Nous avons posé en principe que la défensive est intrinsèquement la plus forte des deux formes de la lutte. Or la lutte a pour objectif immédiat la victoire par l’anéantissement de la force armée adverse, et pour objectif final la soumission de l’État ennemi, c’est-à-dire la paix dans les conditions désirées.

Qu’est-ce que l’État ennemi, quels sont les facteurs de sa puissance au point de vue de la guerre ? Ce sont : sa force armée tout d’abord, puis son territoire. Viennent ensuite une quantité d’éléments auxquels les circonstances peuvent donner une valeur capitale, et qui, parfois, exercent une influence décisive, tels, par exemple et en première ligne, que la situation sociale intérieure et les relations politiques de l’État avec l’étranger. Néanmoins, les deux premiers de ces facteurs restent toujours et de beaucoup les plus importants.

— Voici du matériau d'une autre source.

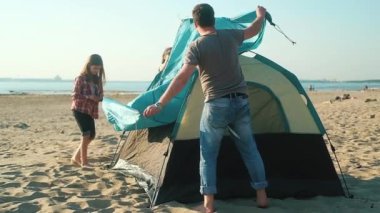 Kafkasyalı çocuk anne ve babasının kumlu deniz sahiline çadır kurmasına yardım ediyor. Tüm aile için açık hava aktiviteleri. Turist yaz sezonu, çadır ve sırt çantasıyla. piknik dışarıda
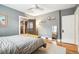 Bright bedroom with hardwood floors, gray walls, a ceiling fan, and natural light in a neutrally decorated space at 3044 W 40Th Ave, Denver, CO 80211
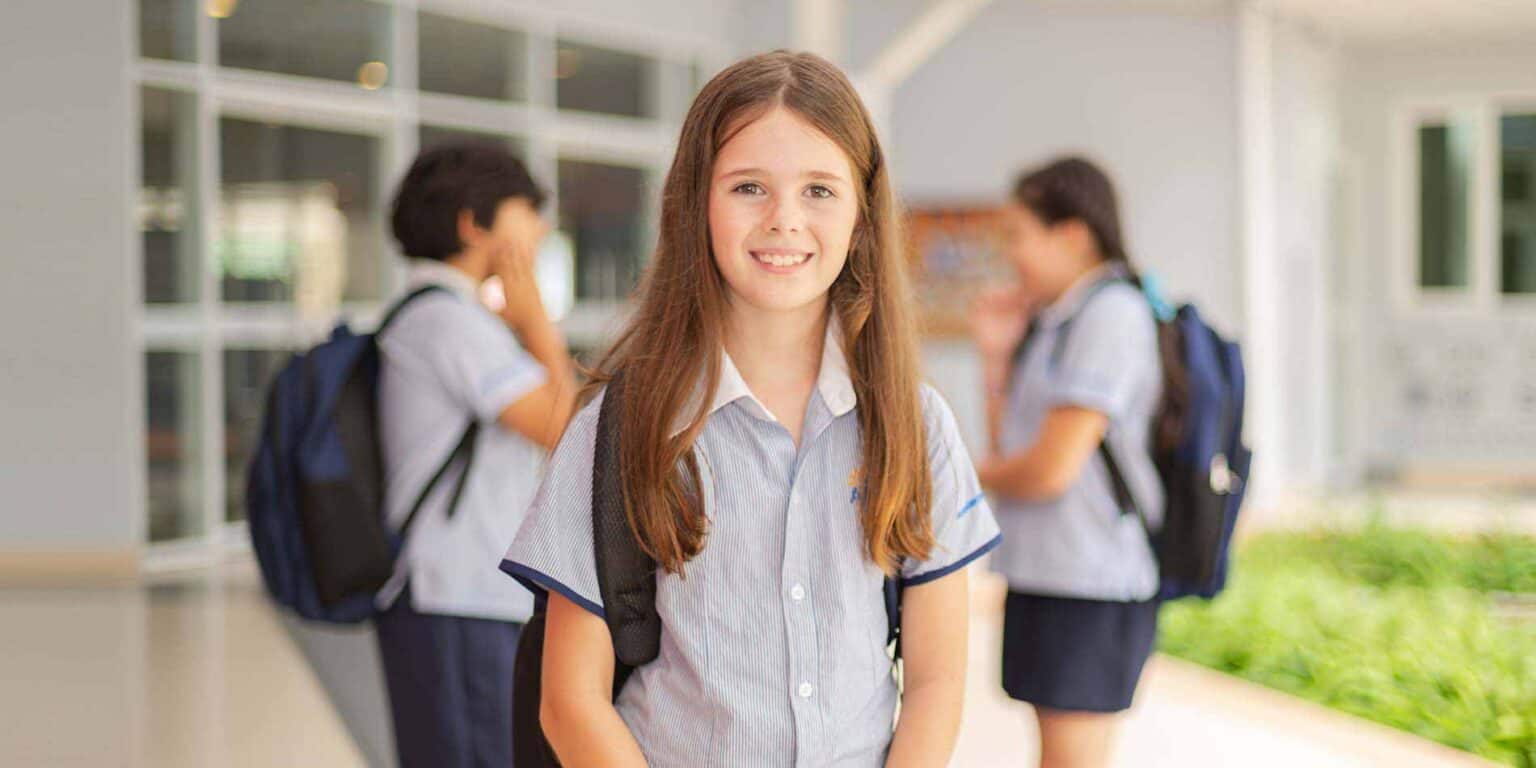 Bright young girl smiling at camera, happy students at World Schools, diverse education community image.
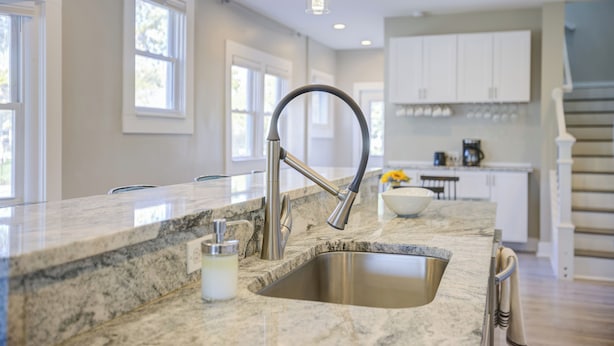 A kitchen with a granite countertop, stainless steel sink, and white cabinets. - Cozy Fountain Square Retreat Just Steps from Downtown Indianapolis (Indianapolis)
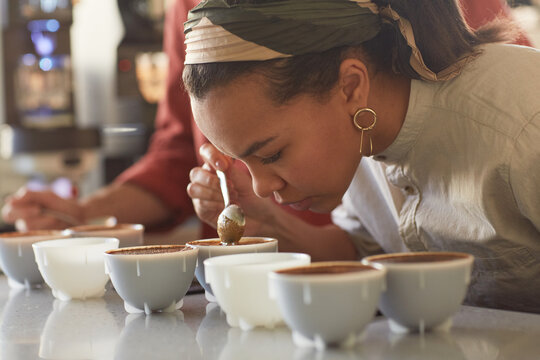 Side view portrait of mixed race young woman smelling cofeee during quality assesment and cupping test in cafe, copy space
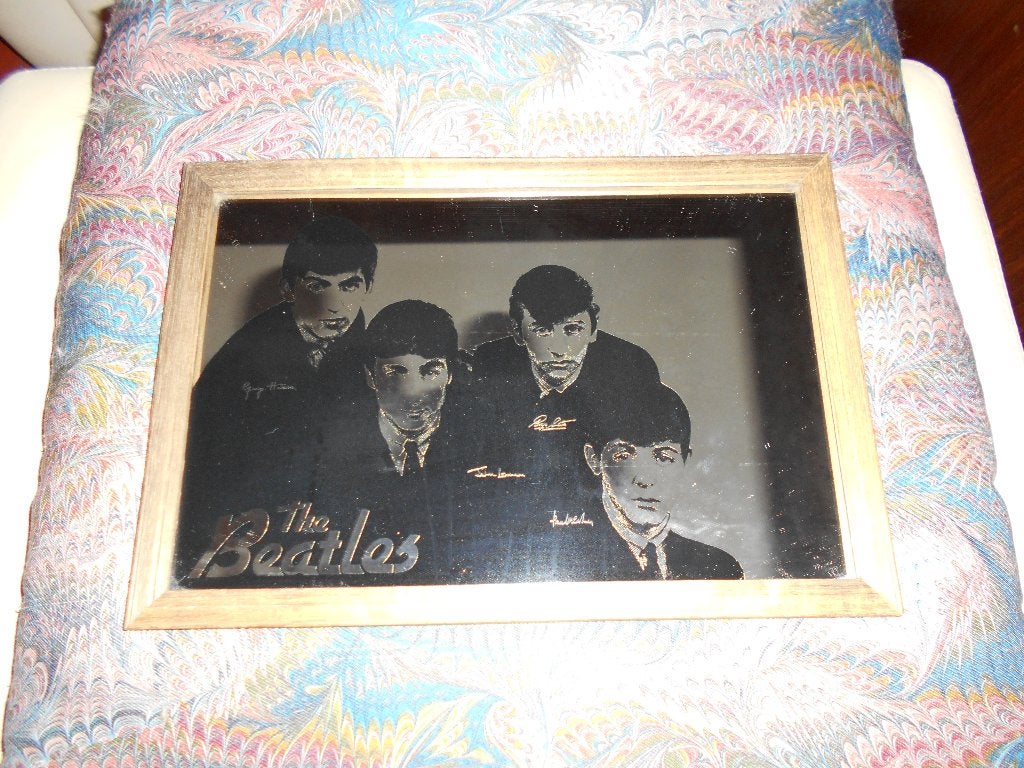 cadre miroir beatles, Enlèvement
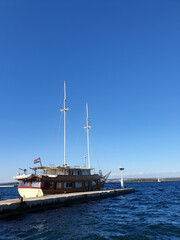 Fototapeta na wymiar two mast wooden ship with Croatian flag moored in dock against clear blue sky with space for text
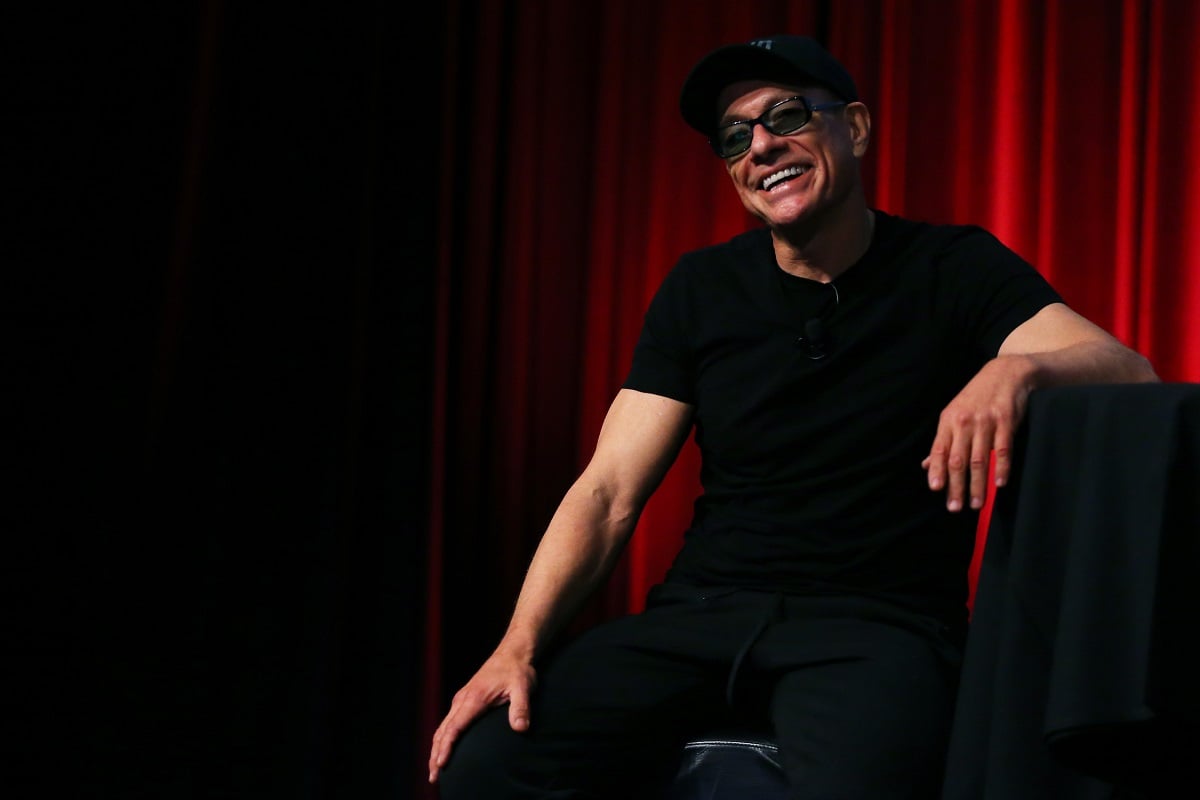 Jean-Claude Van Damme smiling while wearing a black shirt.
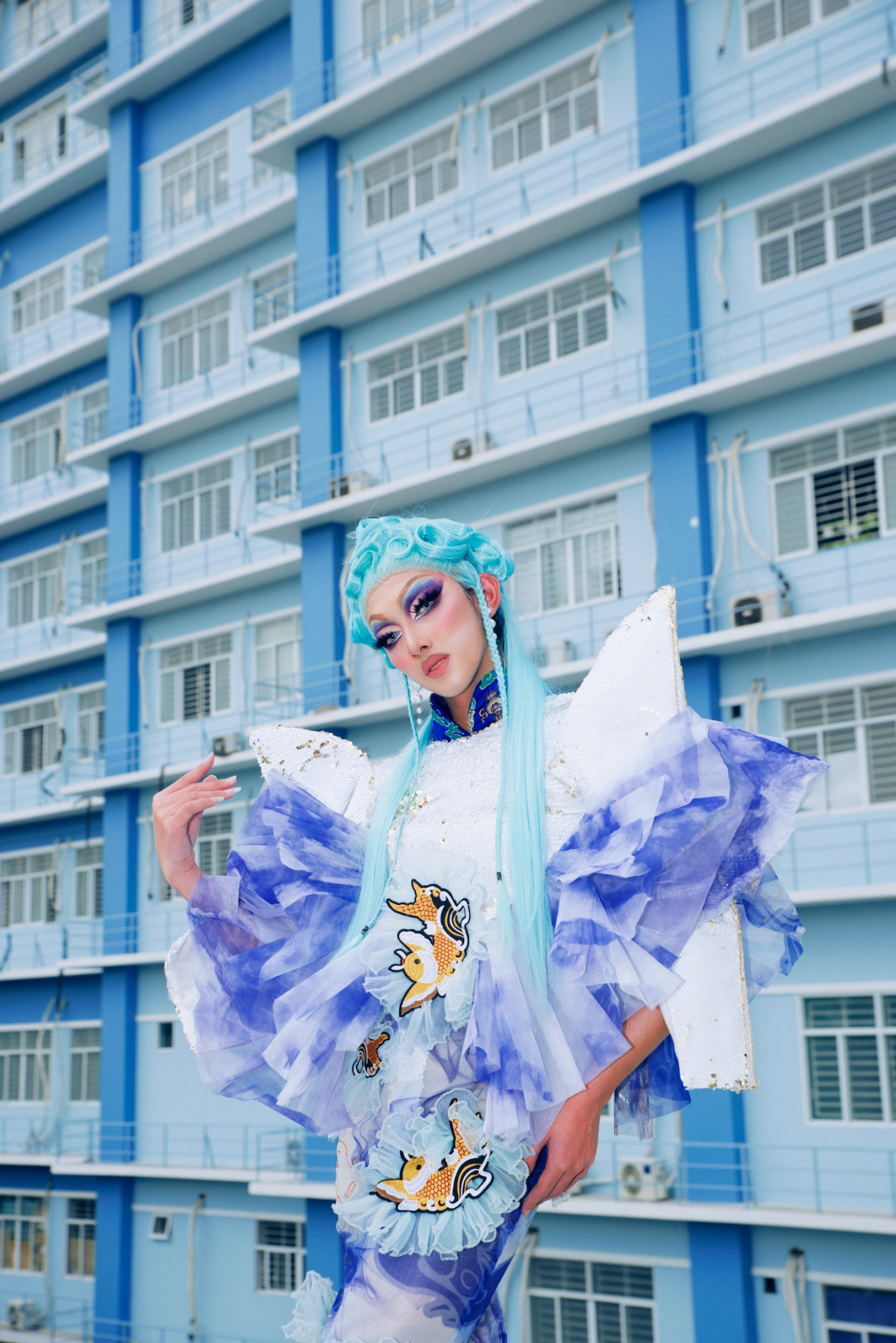 vietnamese drag queen harley posing in front of a blue building in ho chi minh city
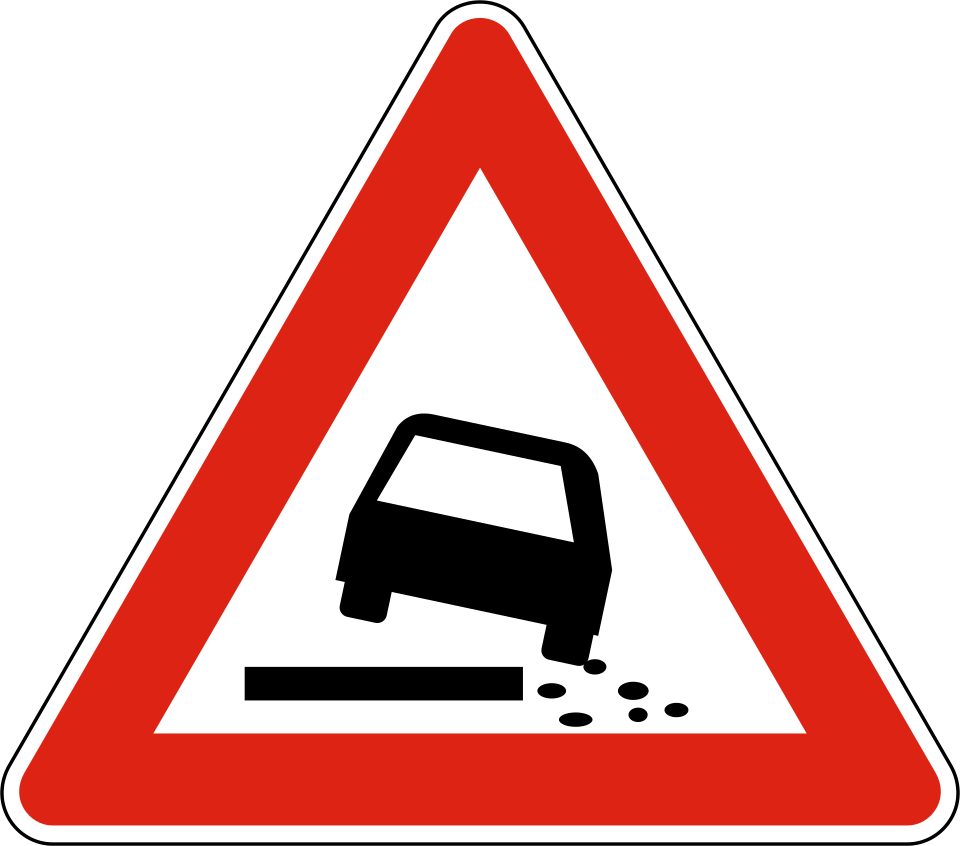 Red-bordered upright triangle; car leaning toward the right at a broken road edge with loose stones.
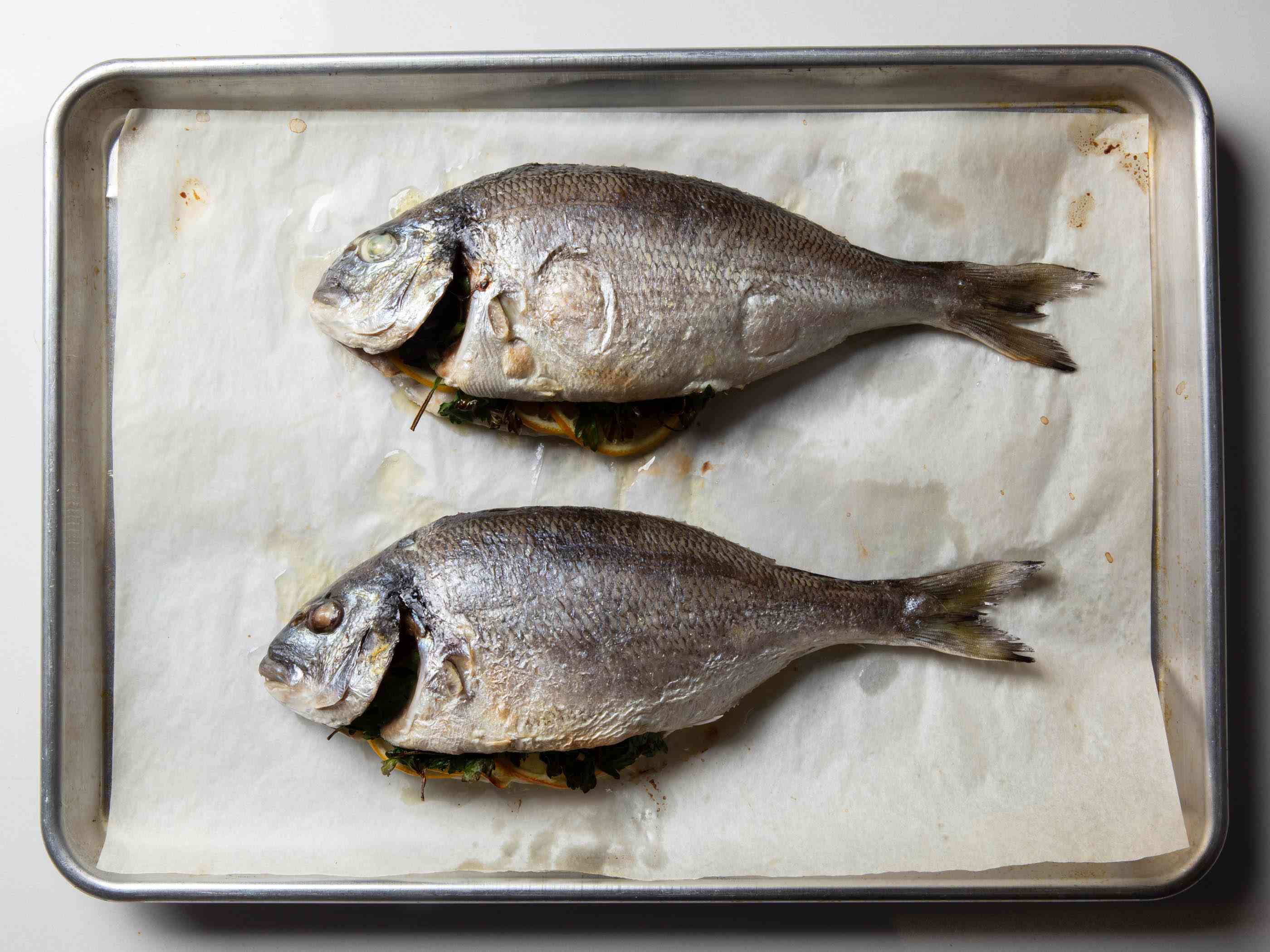 两条烤熟的整鱼放在烤盘上，鱼皮呈浅褐色。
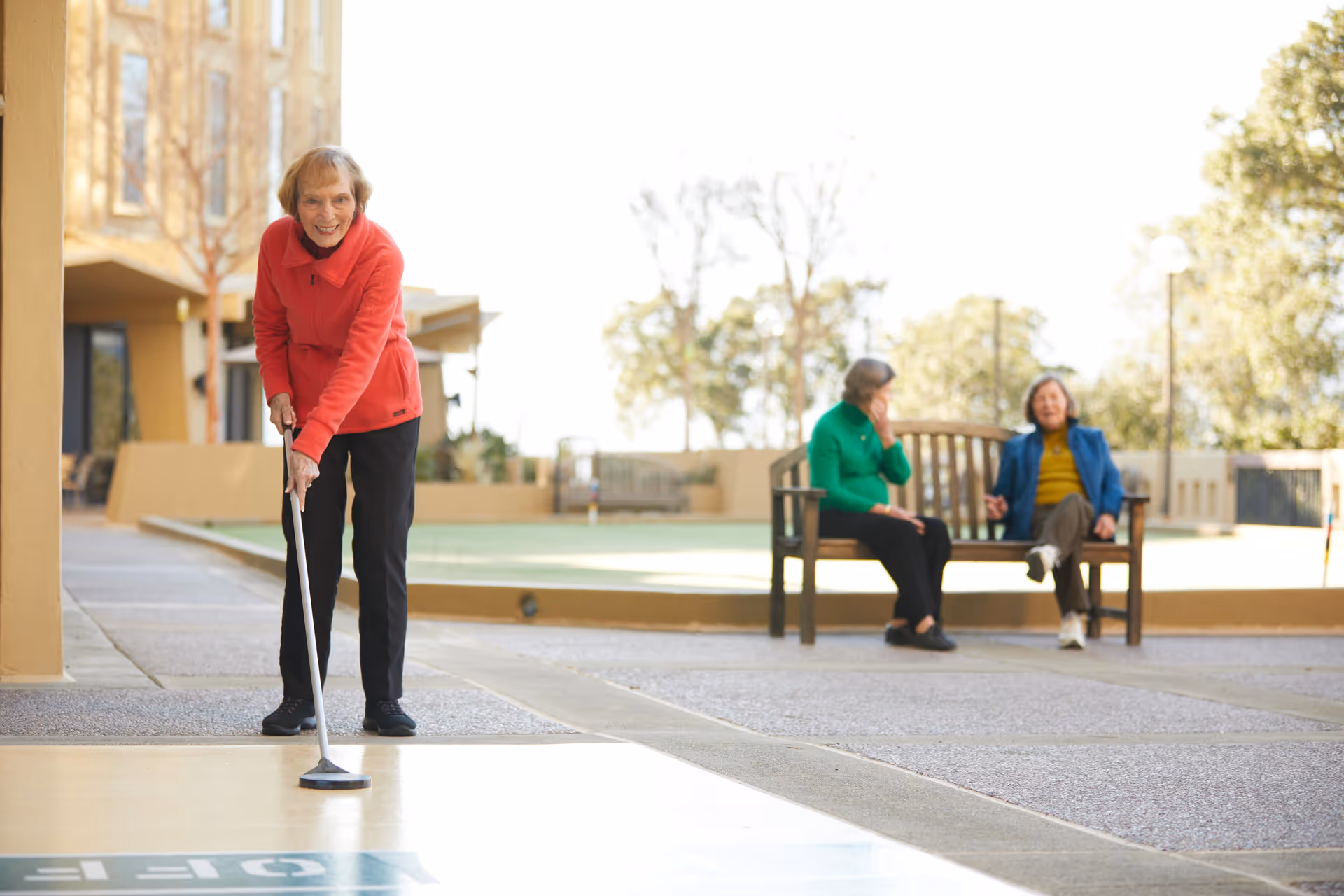 An elderly woman in a red jacket playing shuffleboard outdoors on a sunny day, with two other elderly women sitting and chatting on a bench in the background near a building.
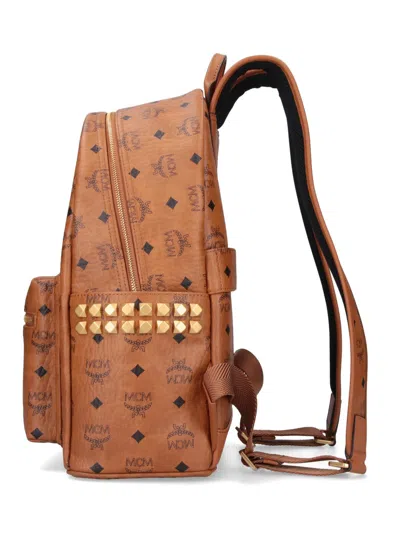 Mcm Studded Front Zip Backpack In Brown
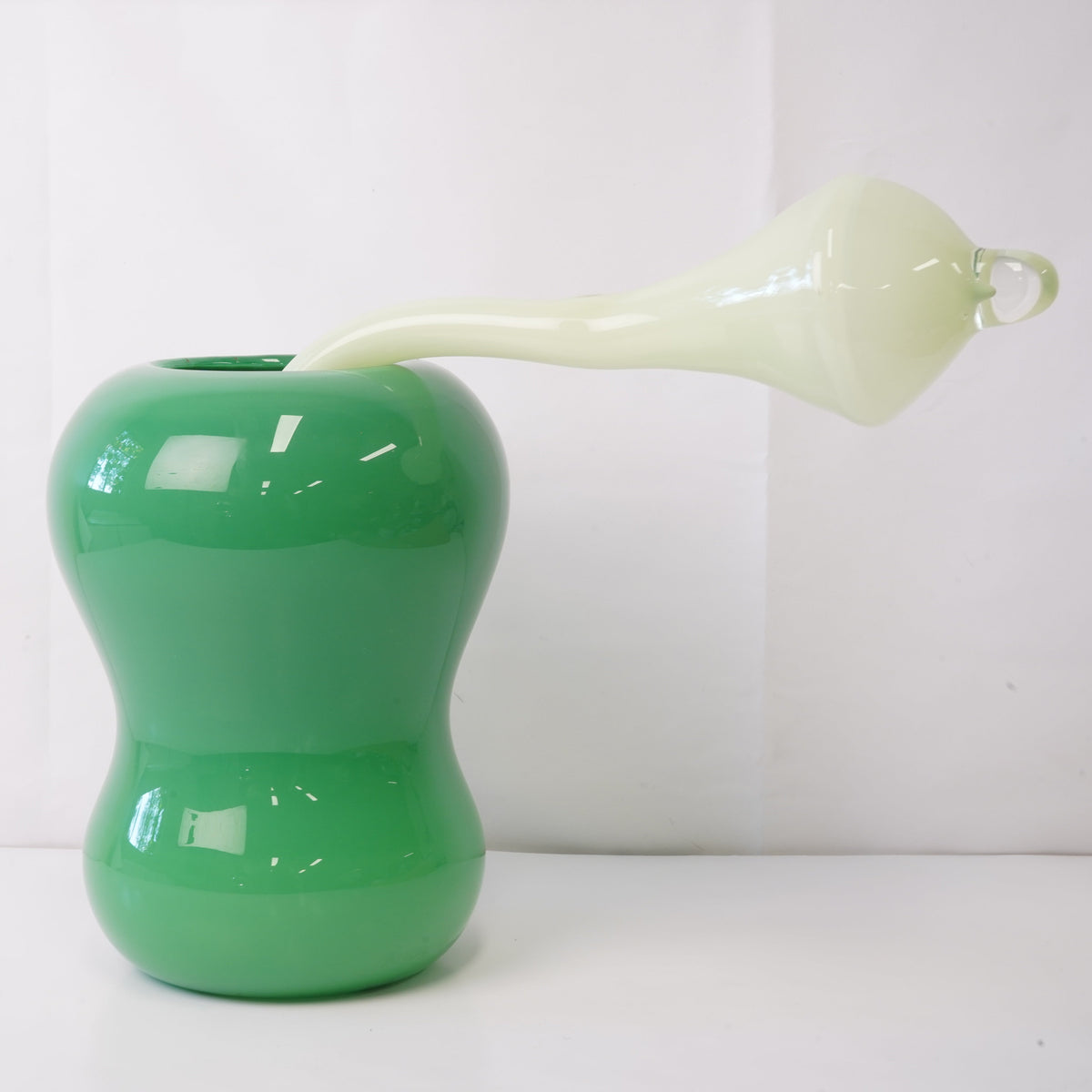 green hand-blown glass vase with sculptural handblown glass flowers and mint prongs, creating a bold, artistic statement piece for interiors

La force armée a pour mission première de protéger le territoire. Le territoire, de son côté, entretient la force armée, la nourrit et fournit incessamment à son recrutement. Ces deux facteurs se soutiennent donc mutuellement, marchent de pair et ont la même importance l’un pour l’autre. Il se présente cependant cette différence dans leurs rapports réciproques, que, lorsque la force armée est anéantie c’est-à-dire réduite à l’impossibilité de prolonger la résistance, la perte du territoire en est la conséquence immédiate, tandis qu’il peut parfaitement se faire que, avant toute défaite de sa force armée, la défense cède volontairement le terrain à l’invasion dans l’intention de le reconquérir d’autant plus facilement plus tard. Bien plus, tout affaiblissement notable de la force armée entraîne immédiatement la perte d’une partie du territoire, tandis que l’abandon d’une partie considérable du territoire n’a pas pour conséquence régulière un affaiblissement de la force armée. Cet affaiblissement peut se produire à la longue, il est vrai, mais il n’est pas toujours et de toute nécessité le résultat immédiat de la crise décisive par les armes.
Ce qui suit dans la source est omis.